A conclusão mais importante é a de que consolidação fiscal é impossível sem um ambiente monetário favorável, com taxas reais de juros muito baixas e economias vibrantes. O Japão fracassou quanto a isso nas décadas de 90 e 2000, como o Reino Unido nos anos 20 e 30.

A ineficácia da política monetária em países cujos setores privados estão endividados, como o Reino Unido e os Estados Unidos hoje, cria restrições semelhantes, algo que o governo britânico está aprendendo. A inflação também acelerou a redução da carga da dívida pública, no passado. Seria surpresa caso não causasse o mesmo efeito agora.

Minha crítica ao estudo é que ele não coloca os esforços de redução da dívida fiscal no contexto daquilo que acontece ao mesmo tempo quanto ao endividamento privado. É muito mais difícil controlar deficit fiscais se o setor privado deseja reduzir seu endividamento excessivo ao mesmo tempo: gastos menores de um lado significam renda menor do outro.

Na ausência de forte demanda externa, o resultado provável é redução no endividamento por calote e depressão. E esse é o pior resultado imaginável.

Mesmo assim, o estudo é extremamente útil, não menos por apontar a relevância da experiência britânica entre as guerras para a situação atual da zona do euro.

Há um risco elevado de que a combinação de políticas fiscais duras e condições monetárias severas lance Espanha e Itália a armadilhas de dívida devido à interação entre taxas elevadas de juros e baixo crescimento.

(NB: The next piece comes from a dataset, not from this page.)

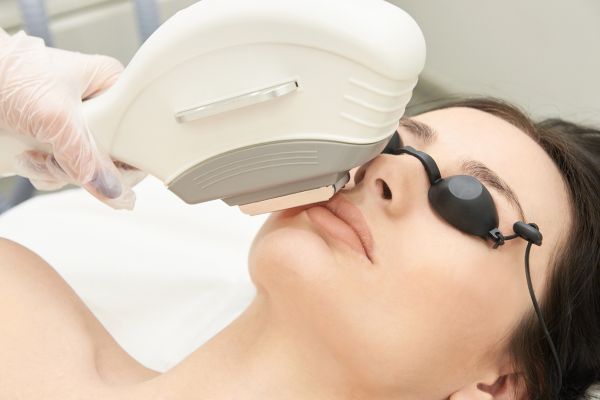 IPL laser treatment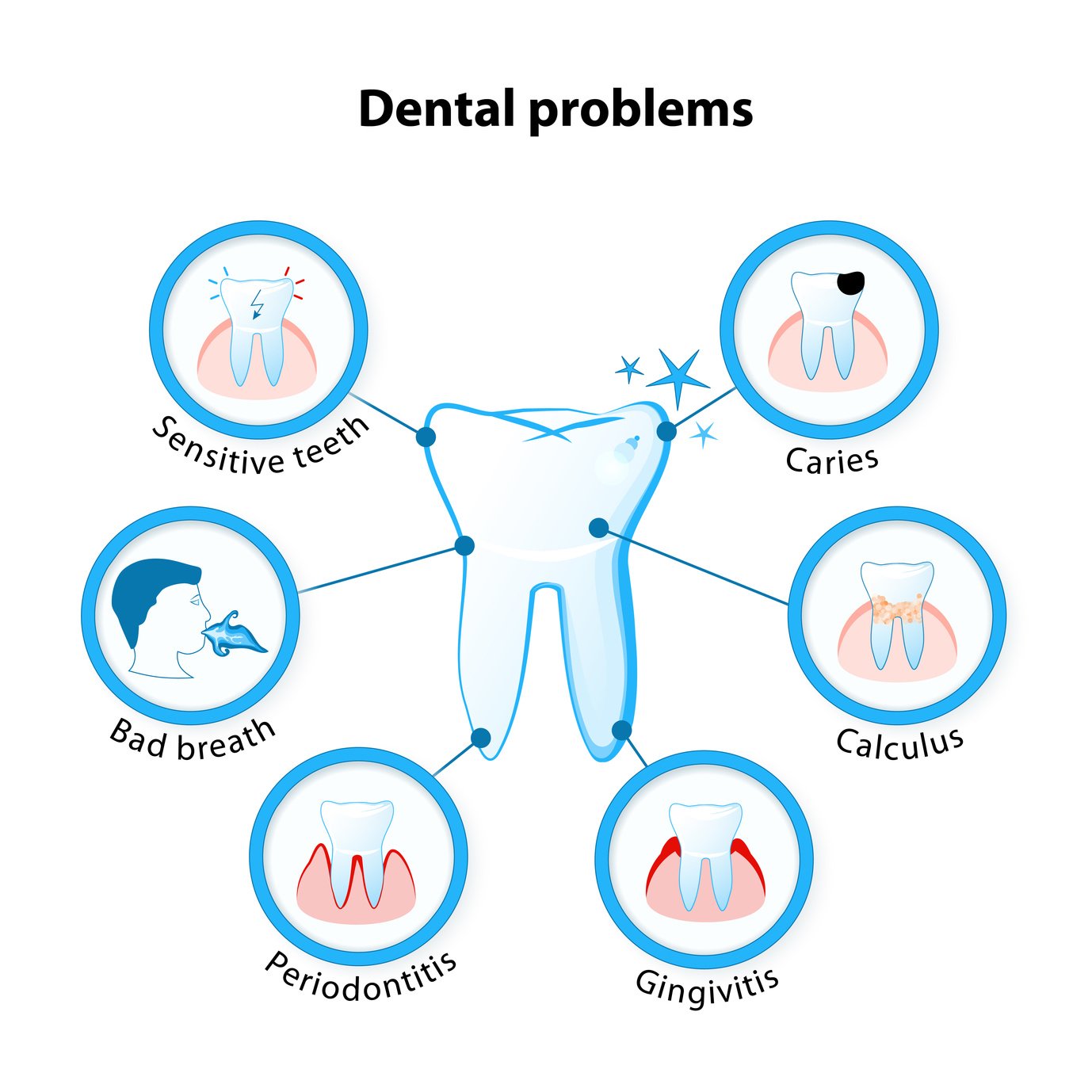 dental problem. Tooth disease: sensitive teeth, caries, calculus, gingivitis, periodontitis and bad breath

O Reino Unido conseguiu pelo menos manter controle sobre as condições monetárias; ao final do processo, abandonou o padrão ouro e reduziu as taxas de juros. Os membros da zona do euro não contam com essas opções indolores.

Mas a austeridade fiscal e os esforços para reduzir salários em países que sofrem estrangulamento monetário podem causar a fratura de sociedades, governos e até Estados. Sem uma solidariedade maior, é improvável que essa história termine bem.